A name identifies what an object is, an address identifies where an object is,a route identifies how to get there, and a locator specifies where an object can be found. This is in the oder of succesfully lower level representations of an object or host.
A Local Area Network (LAN) is computers physically connected by hubs and switches but no routers.
An IP address is 32 bits. And is usually written in dotted quad notation, which is a decimal value for each byte, msb first; e.g. 220.127.116.11 - where (uually) the most signiificant 16 bits is the Network Address Component and (usually) the lower 16 bits is the Host Address Component. There is a 32 bit field called the Net Mask which has 1's for the part of the IP which is the Network Address and 0's for the Host Address portion of the IP. The Network Address identifies a particular LAN.

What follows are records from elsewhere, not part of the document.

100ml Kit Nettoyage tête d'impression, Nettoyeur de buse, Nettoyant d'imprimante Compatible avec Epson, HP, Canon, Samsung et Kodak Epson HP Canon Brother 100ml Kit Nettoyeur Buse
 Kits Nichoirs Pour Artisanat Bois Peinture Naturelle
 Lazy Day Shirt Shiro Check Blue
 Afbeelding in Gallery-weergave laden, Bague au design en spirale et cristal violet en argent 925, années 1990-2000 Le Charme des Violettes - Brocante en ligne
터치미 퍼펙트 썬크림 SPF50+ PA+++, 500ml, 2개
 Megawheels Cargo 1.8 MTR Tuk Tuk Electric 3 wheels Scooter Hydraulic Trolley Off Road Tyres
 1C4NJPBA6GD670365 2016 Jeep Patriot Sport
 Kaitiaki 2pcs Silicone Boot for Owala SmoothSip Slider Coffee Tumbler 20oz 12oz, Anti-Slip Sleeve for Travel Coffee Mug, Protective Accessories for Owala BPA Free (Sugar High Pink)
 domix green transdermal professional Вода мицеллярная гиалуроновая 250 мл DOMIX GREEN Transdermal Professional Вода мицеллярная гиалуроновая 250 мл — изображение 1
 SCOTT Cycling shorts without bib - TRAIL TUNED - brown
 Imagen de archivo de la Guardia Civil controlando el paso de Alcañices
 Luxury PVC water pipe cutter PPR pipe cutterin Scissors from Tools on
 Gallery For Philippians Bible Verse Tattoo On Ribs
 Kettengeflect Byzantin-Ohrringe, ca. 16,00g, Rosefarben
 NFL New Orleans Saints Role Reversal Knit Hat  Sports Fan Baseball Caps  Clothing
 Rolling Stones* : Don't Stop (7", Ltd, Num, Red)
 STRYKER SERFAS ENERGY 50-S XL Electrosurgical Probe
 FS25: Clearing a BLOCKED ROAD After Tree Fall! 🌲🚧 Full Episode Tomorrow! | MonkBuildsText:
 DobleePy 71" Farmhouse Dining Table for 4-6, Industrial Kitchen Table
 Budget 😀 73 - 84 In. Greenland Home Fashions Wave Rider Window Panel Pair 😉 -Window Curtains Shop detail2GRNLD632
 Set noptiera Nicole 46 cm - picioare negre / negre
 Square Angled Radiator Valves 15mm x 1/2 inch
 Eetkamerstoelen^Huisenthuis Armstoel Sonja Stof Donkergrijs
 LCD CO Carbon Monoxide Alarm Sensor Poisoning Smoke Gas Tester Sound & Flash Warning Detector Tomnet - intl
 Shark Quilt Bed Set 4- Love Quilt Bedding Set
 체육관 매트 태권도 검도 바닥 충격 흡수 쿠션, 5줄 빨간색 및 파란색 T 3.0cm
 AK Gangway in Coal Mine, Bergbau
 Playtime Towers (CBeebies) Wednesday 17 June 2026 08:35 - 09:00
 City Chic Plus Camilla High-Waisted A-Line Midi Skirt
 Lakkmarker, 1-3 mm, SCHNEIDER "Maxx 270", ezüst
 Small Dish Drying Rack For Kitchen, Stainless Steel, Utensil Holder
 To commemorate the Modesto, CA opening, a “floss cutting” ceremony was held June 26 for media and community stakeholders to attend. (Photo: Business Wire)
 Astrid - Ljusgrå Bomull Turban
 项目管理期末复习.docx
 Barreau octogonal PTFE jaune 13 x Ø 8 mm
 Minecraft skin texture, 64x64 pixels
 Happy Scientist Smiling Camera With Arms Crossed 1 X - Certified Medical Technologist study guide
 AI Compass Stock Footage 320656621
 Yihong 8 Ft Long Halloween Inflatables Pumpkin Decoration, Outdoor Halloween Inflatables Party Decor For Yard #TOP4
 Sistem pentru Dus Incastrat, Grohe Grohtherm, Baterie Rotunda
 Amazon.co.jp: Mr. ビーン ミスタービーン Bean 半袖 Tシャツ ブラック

There aren't enough IP addresses available for every one who wishes to have one, so the IETF set aside some address numbers for creating private IP networks as specified in RFC 1918, which include: 10.x.y.z, 172.16.y.z, and 192.168.y.z. These are unroutable address because no router knows how to reach these nonunique addresses - they potentially exist on any network.
To solve this a router or firewall may use Network Address Translation (NAT) and map these special addresses to valid IP addresses. This is a gateway functionality. A gateway could map all internal IPs to either: a single valid IP, a valid IP for every internal unroutable IP, or dynamically alocate as needed from a pool of valid IP addresses (smaller than the total numberof internal unroutable IP addresses).
In order for messages to be unambiguously independent of any particulat hardware, it is necessary to define a standard data representation. This means that a Network Byte Order (or Endianness) must be defined for both 32 and 16 bit values. This affects the packet headers. The user data field is exempt from this because the TCP/IP protocols do not know the structure of the data. Network byte order is Big Endian.